The Lodge De Goede Hoop is hidden behind a parking lot filled with shiny ministerial cars.
Only the Freemason symbol on the window and the Star of David above the large wooden doors show that this is not just another parliamentary building.
The building was inaugurated as the first masonic temple in South Africa in 1803 and is still used daily by its members.
This week, City Press took a tour of the temple with the newly appointed Grand Master of the SA Freemasons, Geoff Edwards.
On a table in the foyer are a square and a pair of compasses – well-known masonic symbols. On the wall is an engraved list of the names of former masters and the wall beside the front door is adorned with a framed photograph of Watty Watson, former DA chief whip and retiring Grand Master.
“People say we’re on parliamentary grounds, but that’s not true. Actually, Parliament is on our grounds,” he says.
Edwards is right because this mysterious organisation has been in South Africa and Cape Town for much longer than Parliament.
The first Freemason lodge was formed in Cape Town in 1772 and the temple was built about 30 years later.
The Cape government of the time and the Freemasons were so intertwined that the Cape Parliament used the masonic banquet hall as a venue from 1854 to 1884 until the old House of Assembly was completed.
The organisation, regarded as among the most mysterious in the world, is all about money, power and secret handshakes, its detractors whisper. There are many conspiracy theories, alleged links with murders, and those who believe the Freemasons “planted the seeds” of apartheid.
Others say that from the organisation’s inception in the 14th century, it has been the secret hand that is quietly ruling the world.
Not true, according to Edwards, taking us into the meditation chamber with its sinister statue of a dead man with a dagger, a book and an hourglass, and the words “know thyself”.
Two artificial human skulls add a chilling edge to the room. “People say the Freemasons have ruled the world over the centuries, but the truth is that many rulers were simply masons,” he says.

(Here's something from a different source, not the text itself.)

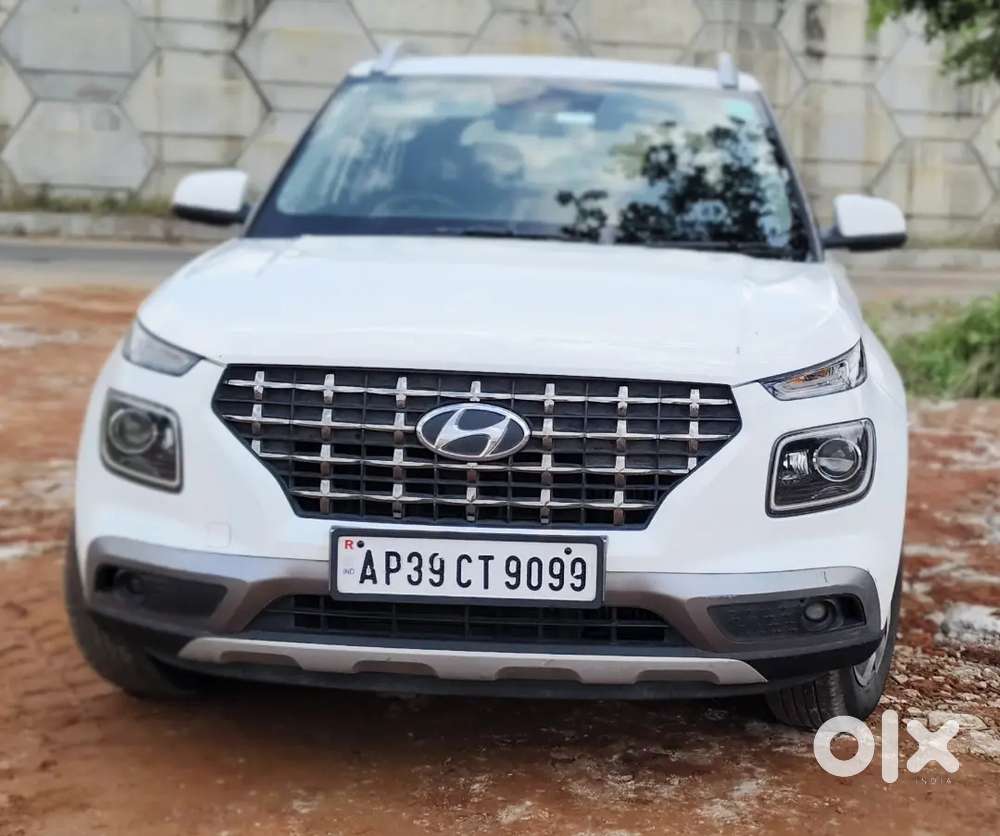 Hyundai Venue 2019 Diesel Well Maintained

But where do secret handshakes and rituals fit in 2014? “I’m reluctant to use the word ‘secret’,” says Edwards, a businessman who runs his own recruitment agency.
“We don’t make the way we operate known publicly because that will spoil things for the candidates, but we aren’t trying to hide ourselves from the world.
“Like many other organisations, we have been attacked aggressively in the past. During World War 2, Hitler tried to wipe out the Freemasons.
“Even in South Africa, there was a time when we were targeted. That made our members cautious. Nowadays, we encourage members to speak about it. The world has changed,” Edwards says.
The most fascinating room in the Lodge De Goede Hoop is undoubtedly the middle chamber. With only two small windows letting in a sliver of light, the room is dark even in the middle of the day. Here, ceremonies are held at night in the pitch dark to remind members just how fleeting their lives are.
The organisation is open to all races, but does not accept women as members. There are female lodges in some parts of the world, but they are not recognised by the Freemasons’ constitution. No atheists are permitted to join. Members believe in the “life hereafter”, so atheists aren’t welcome.
“To become a member, the person is required to believe in a ‘higher power’, but we do not say who that must be. Freemasonry is not a religion. We offer no path to heaven.”
Edwards says the Freemasons believe in tolerance, and promoting peace and harmony.
“In our lodge we have members of Parliament from three different political parties and they all get on tremendously well together,” he boasts.
Then, with an almost disappointingly ordinary handshake, he says goodbye.